The treatment offered to them consists of psychological care and medication to manage the withdrawal symptoms, or “the monkey,” which begins just a few hours after not consuming H.
“A few days is enough for a young person to consume this drug to experience chronic symptoms such as insomnia, irritability, sadness or melancholy,” explains Bermeo, but what causes an immediate addiction counts unlike other drugs. It’s common and muscle pain. “The pain is unbearable and this forces them to start taking medication again within a few hours,” adds the doctor, who has studied the evolution of patients that the combination of toxic substances contained in H damage the lungs, which Seriously damages liver and kidneys. “Those who have died do not do so from an overdose, but from the chronic damage the drug causes to the body, particularly the lungs,” he says.
“It’s the famous heroine who takes the pain away from us,” says Luis, 16. “It’s momentary, then I’ll need it again. One inhalation lasts two to three hours in my body,” warns the young man, who was supposed to be going to school but dropped out to devote himself to micro-commerce. According to a 2020 survey of more than 2,000 students between the ages of 12 and 17 in Guayaquil, 60% agreed that it was easy to get drugs, and 57% of their friends were already users.
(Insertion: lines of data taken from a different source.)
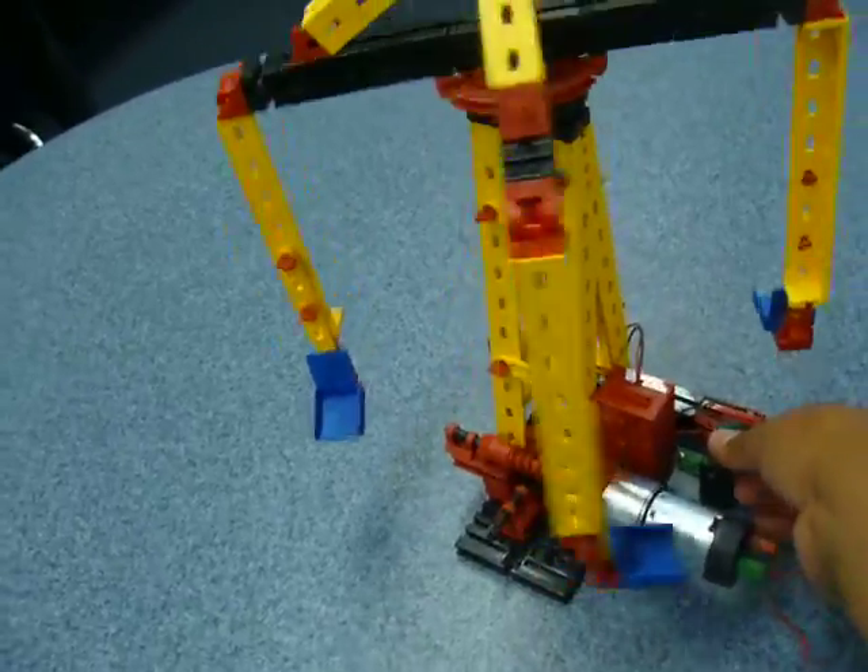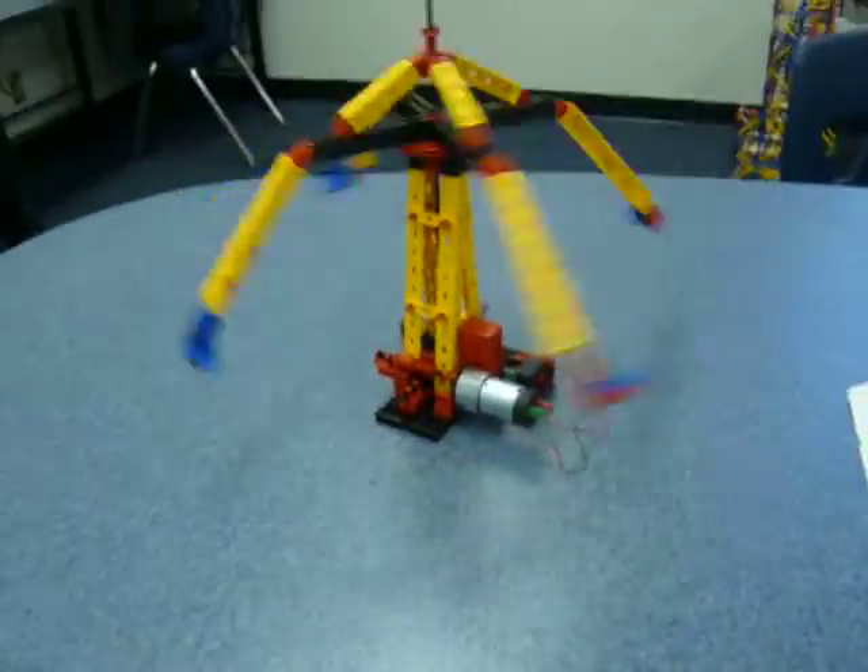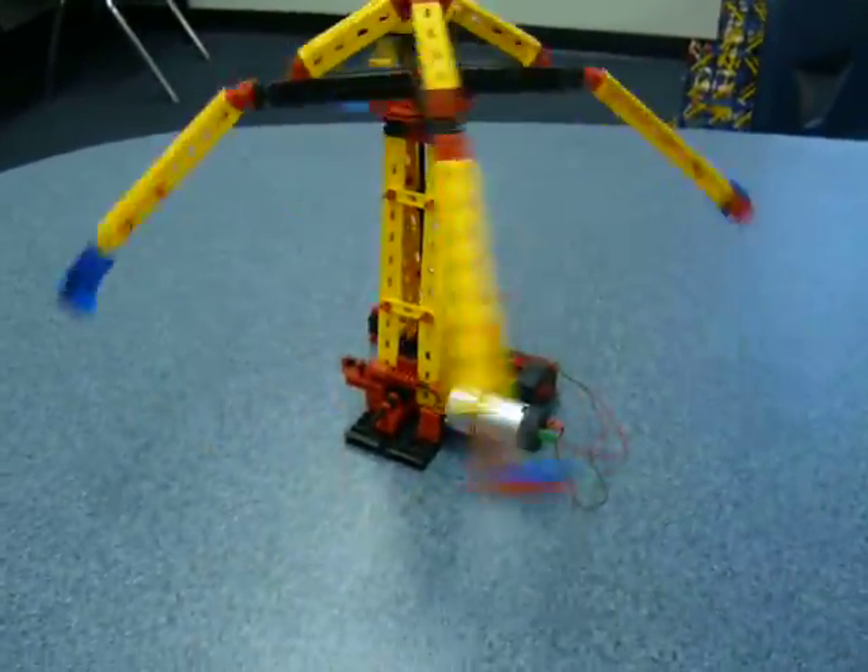And here it goes. Here's the ride motorized.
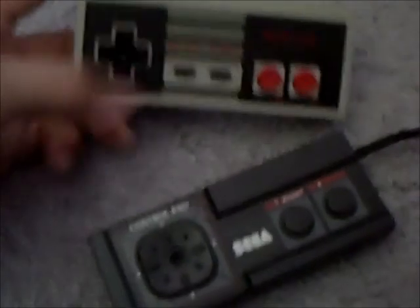You could say the Master System almost copied the NES because the Master System came out in '86, a year after the NES. I like the NES controller better — I just like the feel better — but this one feels very nice still. It's exactly the same size, and for a size comparison, it's about as big as the original Xbox controller.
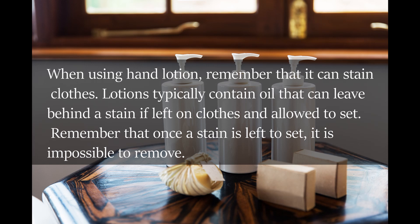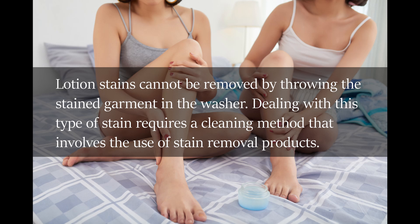When using hand lotion, remember that it can stain clothes. Lotions typically contain oil that can leave behind a stain if left on clothes and allowed to set. Remember that once a stain is left to set, it is impossible to remove. Lotion stains cannot be removed by throwing the stained garment in the washer — dealing with this type of stain requires a cleaning method that involves the use of stain removal products.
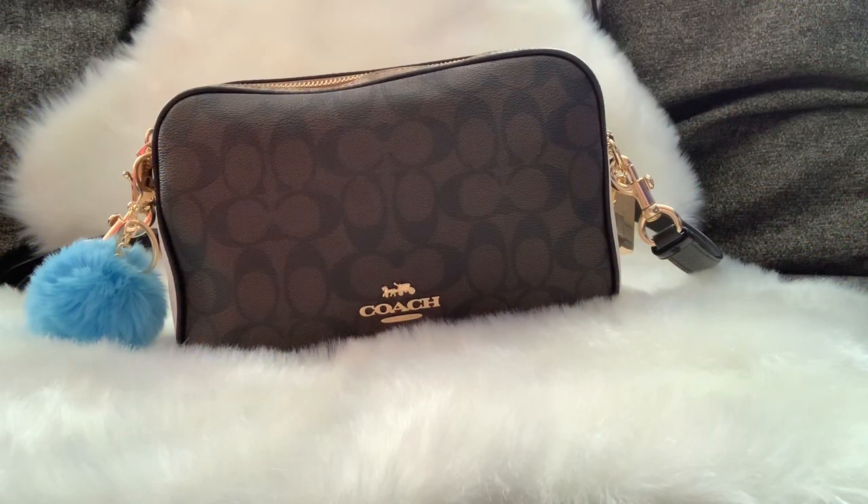Hi guys, welcome back to my channel. As you can see, I am filming another what's in my bag video and as you can see the angle has changed. I noticed that my what's in my bag videos tend to be a little long, so I decided to switch some things up to see if this angle will make it better and be a little bit shorter, because I tend to ramble.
“The problem with drugs is determining why young people use them,” says Bermeo. His patients give him three reasons: “Curiosity, peer pressure and, in the vast majority of cases, problems at home because they come from dysfunctional homes.” For this diagnosis, the country’s treatment must be prevention, which is not only solved with discussions in schools, the only strategy currently in place to prevent children from becoming addicted.